At the start of her career, Greiner writes in her book “Invent It, Sell It, Bank It!,” she had a meeting with a patent lawyer who didn’t take her seriously, but she quickly found a way to keep him from impeding her progress.
It was the mid-’90s and Greiner had just paid $US5,000 to file her first patent for an earring organiser. The money had come from savings she shared with her husband Dan, so he accompanied her in a meeting with the attorney.
The lawyer spoke exclusively to Dan, even though he sat off to the side as an observer. After 10 minutes of this, Greiner told the lawyer she was done with the rude way he was treating her and that he needed to find one of the firm’s partners and have them send in a female attorney. The lawyer who replaced him was Natalie Kadievitch, who has worked with Greiner ever since.

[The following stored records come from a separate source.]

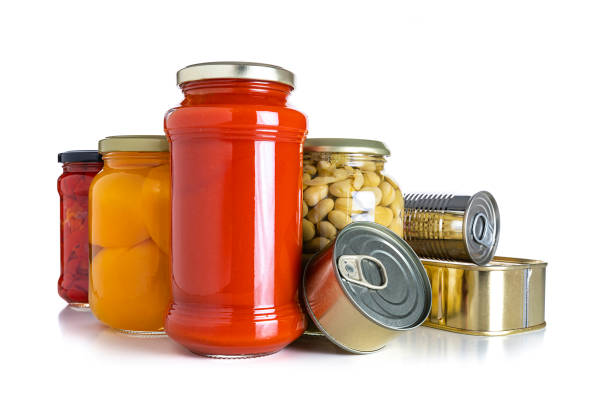 istock Preserved food: glass jars and metal tins isolated on white background 1284217021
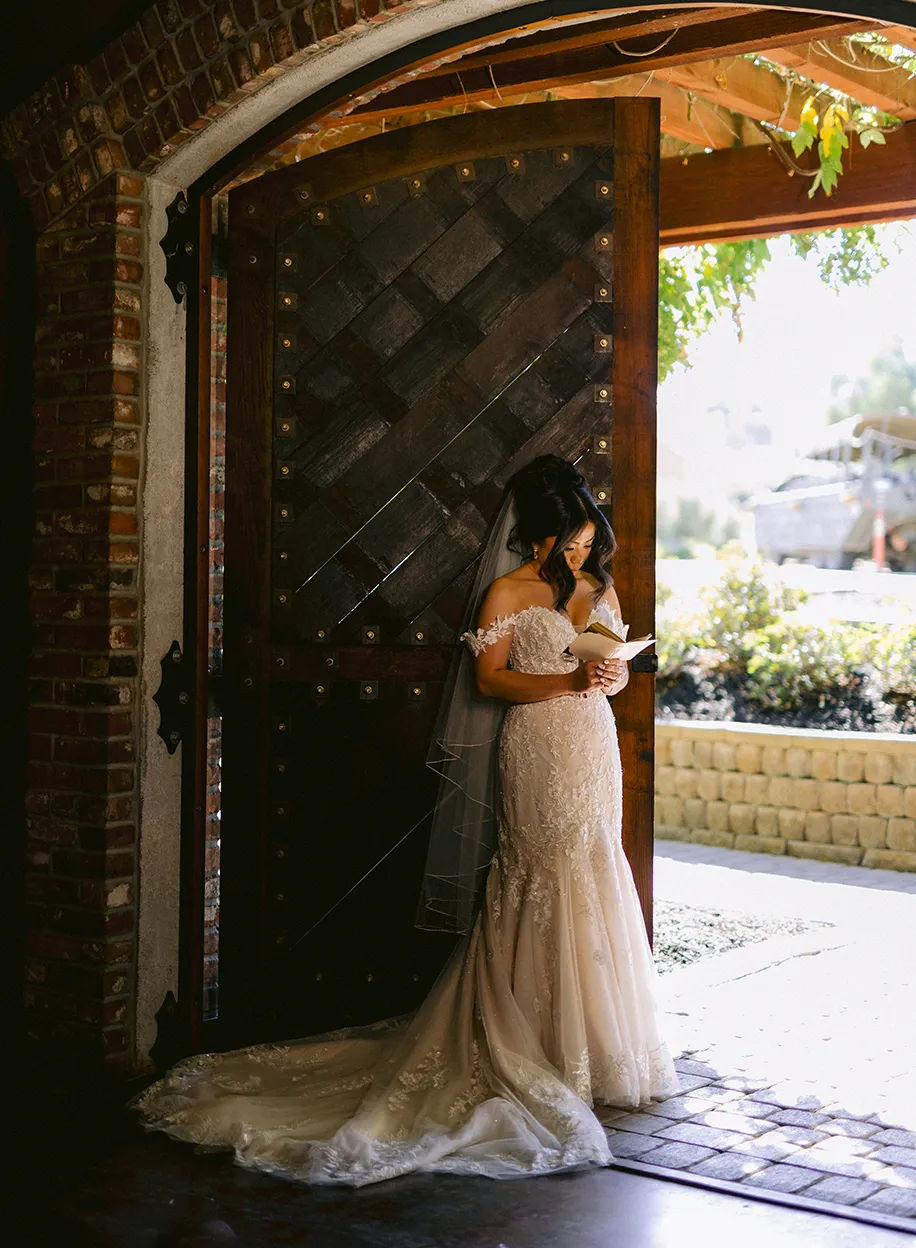 Bride reading a letter while standing in a large arched wooden doorway bathed in afternoon sunlight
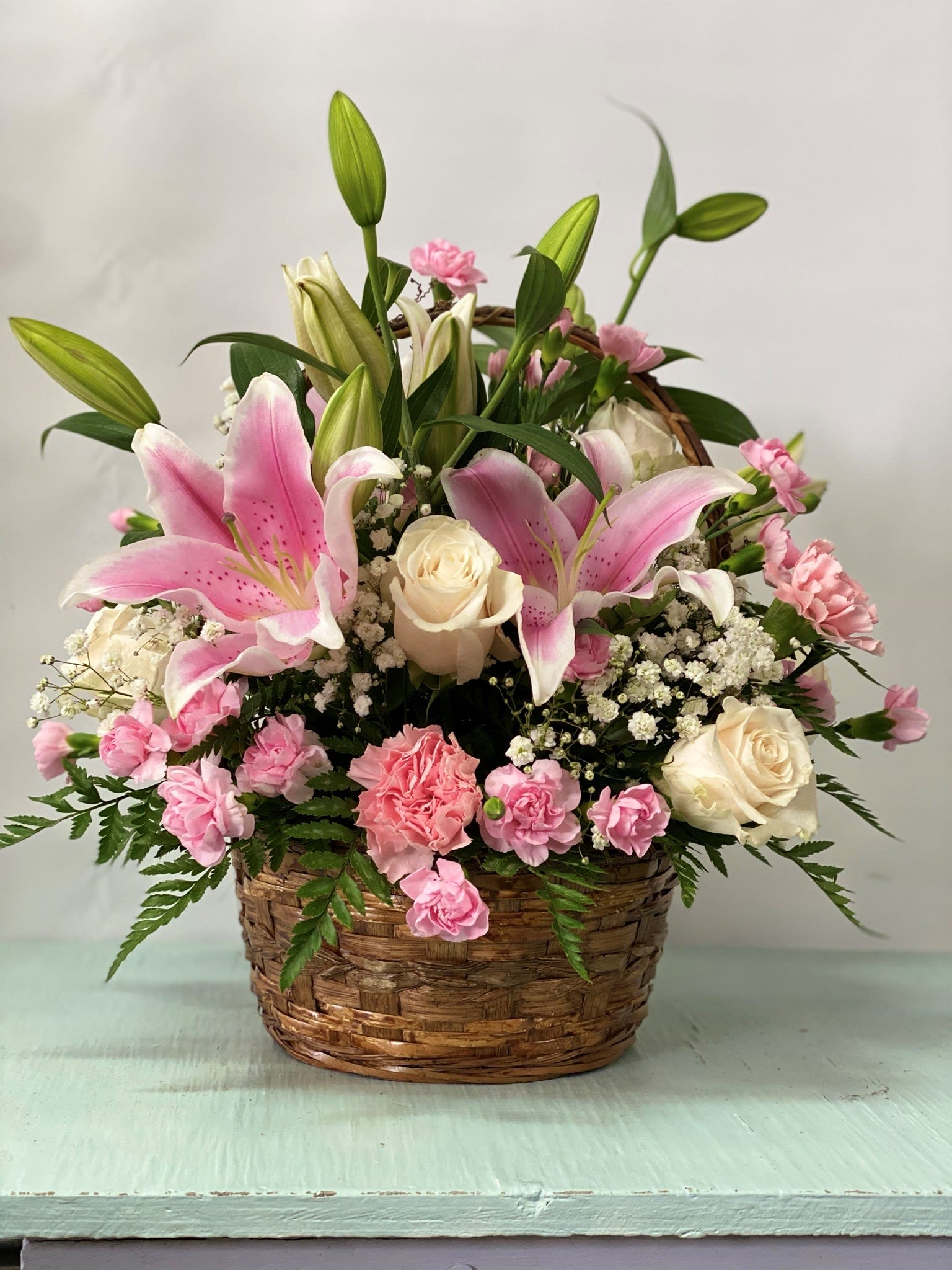 Pink lilies and roses arranged in a wicker basket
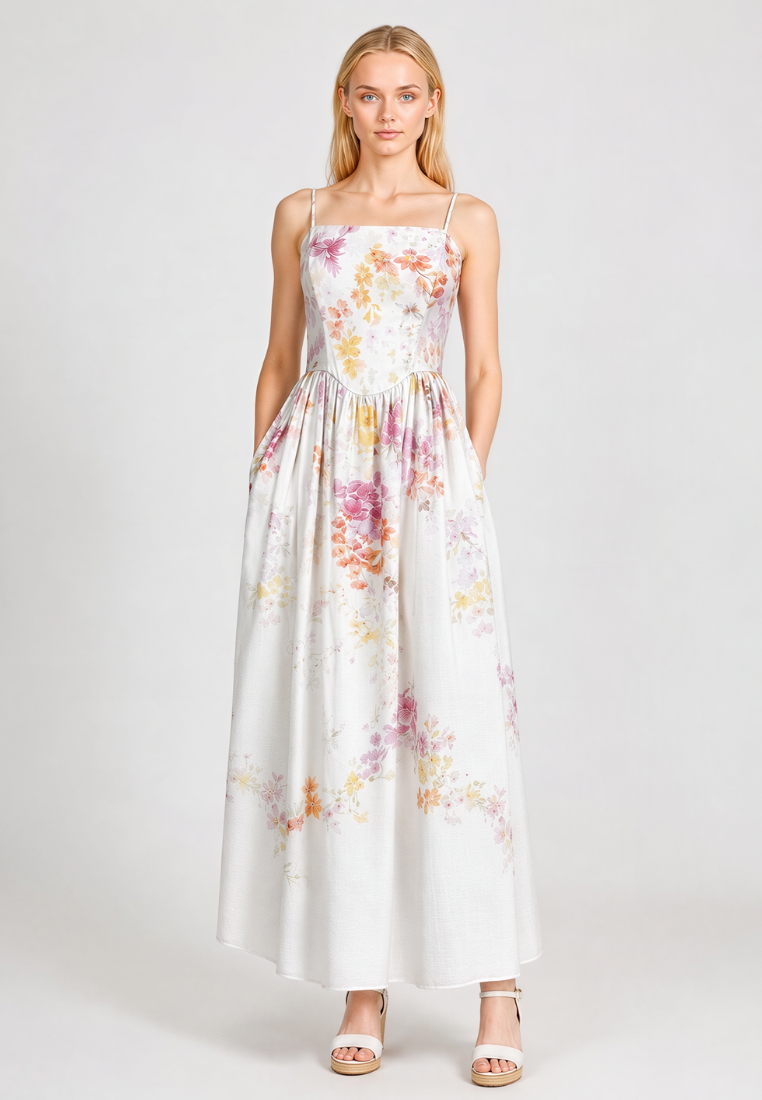 Love Knot Aurora white floral maxi dress, front view showing gathered waist and flowing skirt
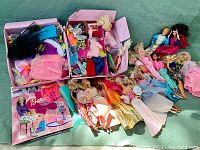 Overall view of numerous Barbie dolls laid out with two boxes of clothing and Barbie Ballet Magnetic Album, showing the extensive collection.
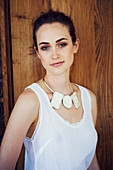 A young brunette woman wearing a white top and a chunky necklace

Greiner writes that it’s important to call out injustices, “but be polite even as you do it.”
My entrepreneurs will say, “Aw, that person was a jerk,” or, “I can’t believe they did that.”
And I say, “You know what? Make it work.”
Be as charming and as passionate as you would be if they weren’t a jerk. Get the sale. Get what you need. And then laugh your way to the bank.
If you let them upset you or they get under your skin, you have just stopped. You’ve halted progress.
As you develop your career or business, there will be plenty of people who do not think you are worthy of their time or respect, Greiner writes in her book. Although it can be easy to feel vulnerable when you’re starting out, you can’t let other people’s negativity compromise your drive.
“Your success will have everything to do with how you perceive yourself, because how you perceive yourself is how others will perceive you, too,” she writes.